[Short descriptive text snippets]
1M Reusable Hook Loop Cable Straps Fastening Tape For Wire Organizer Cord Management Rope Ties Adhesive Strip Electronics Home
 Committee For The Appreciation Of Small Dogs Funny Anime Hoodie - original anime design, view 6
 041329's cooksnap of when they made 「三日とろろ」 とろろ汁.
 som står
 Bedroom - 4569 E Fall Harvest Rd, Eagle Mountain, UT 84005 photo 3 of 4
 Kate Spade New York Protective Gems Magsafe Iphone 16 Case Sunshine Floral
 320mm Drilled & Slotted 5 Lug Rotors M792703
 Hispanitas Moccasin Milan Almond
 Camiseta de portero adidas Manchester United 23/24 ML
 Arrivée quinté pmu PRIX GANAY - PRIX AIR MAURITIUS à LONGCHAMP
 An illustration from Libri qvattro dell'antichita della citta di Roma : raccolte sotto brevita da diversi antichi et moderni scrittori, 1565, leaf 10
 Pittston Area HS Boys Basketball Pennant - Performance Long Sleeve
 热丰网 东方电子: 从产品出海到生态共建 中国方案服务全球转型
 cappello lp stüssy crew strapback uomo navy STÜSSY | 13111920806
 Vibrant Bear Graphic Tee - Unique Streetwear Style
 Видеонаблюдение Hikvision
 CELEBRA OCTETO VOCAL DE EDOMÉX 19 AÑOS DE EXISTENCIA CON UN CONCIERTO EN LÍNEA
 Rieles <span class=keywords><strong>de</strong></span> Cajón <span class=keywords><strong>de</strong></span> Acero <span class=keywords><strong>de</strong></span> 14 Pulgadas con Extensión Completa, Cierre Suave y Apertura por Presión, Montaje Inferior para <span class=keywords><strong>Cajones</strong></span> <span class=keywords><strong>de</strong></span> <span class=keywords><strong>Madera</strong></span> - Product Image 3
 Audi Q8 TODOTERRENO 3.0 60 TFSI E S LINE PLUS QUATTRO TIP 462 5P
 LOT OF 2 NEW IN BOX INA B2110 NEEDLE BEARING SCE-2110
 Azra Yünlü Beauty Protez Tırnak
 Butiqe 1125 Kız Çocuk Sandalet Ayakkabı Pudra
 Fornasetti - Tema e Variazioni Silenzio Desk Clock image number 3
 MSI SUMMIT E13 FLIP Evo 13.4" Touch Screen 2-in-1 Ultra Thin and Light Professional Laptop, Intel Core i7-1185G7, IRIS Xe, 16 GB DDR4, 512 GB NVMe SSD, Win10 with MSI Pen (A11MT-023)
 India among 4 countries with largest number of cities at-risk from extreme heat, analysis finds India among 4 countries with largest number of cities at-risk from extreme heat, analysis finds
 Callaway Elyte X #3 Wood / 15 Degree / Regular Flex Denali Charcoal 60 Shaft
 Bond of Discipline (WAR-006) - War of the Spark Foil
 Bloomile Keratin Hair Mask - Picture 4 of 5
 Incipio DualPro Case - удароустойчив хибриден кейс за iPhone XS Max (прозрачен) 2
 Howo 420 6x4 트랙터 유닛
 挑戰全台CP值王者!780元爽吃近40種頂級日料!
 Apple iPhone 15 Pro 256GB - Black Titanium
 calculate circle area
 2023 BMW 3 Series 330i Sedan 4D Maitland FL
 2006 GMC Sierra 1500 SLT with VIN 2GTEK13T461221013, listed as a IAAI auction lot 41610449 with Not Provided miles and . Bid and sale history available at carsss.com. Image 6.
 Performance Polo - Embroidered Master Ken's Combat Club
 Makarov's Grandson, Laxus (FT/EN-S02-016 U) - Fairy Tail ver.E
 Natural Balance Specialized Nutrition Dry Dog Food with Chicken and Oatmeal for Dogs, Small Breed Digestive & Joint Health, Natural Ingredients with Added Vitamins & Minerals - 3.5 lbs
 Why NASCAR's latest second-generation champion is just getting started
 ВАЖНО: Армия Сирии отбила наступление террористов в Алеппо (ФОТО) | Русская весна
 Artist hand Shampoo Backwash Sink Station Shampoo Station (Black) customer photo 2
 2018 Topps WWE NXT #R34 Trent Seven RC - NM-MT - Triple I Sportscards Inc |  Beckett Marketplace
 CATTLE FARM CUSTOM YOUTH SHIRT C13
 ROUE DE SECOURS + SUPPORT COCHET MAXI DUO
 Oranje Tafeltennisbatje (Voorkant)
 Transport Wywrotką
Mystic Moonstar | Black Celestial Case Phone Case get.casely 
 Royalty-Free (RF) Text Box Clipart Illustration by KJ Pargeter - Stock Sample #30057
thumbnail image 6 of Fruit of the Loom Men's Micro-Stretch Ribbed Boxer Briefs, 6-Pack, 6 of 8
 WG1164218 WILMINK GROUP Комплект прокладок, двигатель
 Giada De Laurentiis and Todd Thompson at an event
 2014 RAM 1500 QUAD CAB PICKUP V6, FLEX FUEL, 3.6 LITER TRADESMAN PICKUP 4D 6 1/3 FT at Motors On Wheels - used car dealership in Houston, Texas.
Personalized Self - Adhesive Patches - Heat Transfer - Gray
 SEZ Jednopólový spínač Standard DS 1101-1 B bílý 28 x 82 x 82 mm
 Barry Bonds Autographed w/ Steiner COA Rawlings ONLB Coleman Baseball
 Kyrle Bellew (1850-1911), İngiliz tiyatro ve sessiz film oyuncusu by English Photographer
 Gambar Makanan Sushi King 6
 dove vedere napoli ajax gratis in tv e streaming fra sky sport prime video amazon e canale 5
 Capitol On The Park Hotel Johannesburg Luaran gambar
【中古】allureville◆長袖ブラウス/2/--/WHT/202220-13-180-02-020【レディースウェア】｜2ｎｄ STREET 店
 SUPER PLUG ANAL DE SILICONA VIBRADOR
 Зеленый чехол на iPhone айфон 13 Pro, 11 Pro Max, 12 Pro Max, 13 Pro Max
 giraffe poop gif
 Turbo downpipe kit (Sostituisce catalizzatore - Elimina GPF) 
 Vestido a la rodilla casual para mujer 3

**TRY IT**
Copy every line from the records above that contains the word "Case".

**EXPECTED ANSWER**
 Kate Spade New York Protective Gems Magsafe Iphone 16 Case Sunshine Floral
 Incipio DualPro Case - удароустойчив хибриден кейс за iPhone XS Max (прозрачен) 2
Mystic Moonstar | Black Celestial Case Phone Case get.casely 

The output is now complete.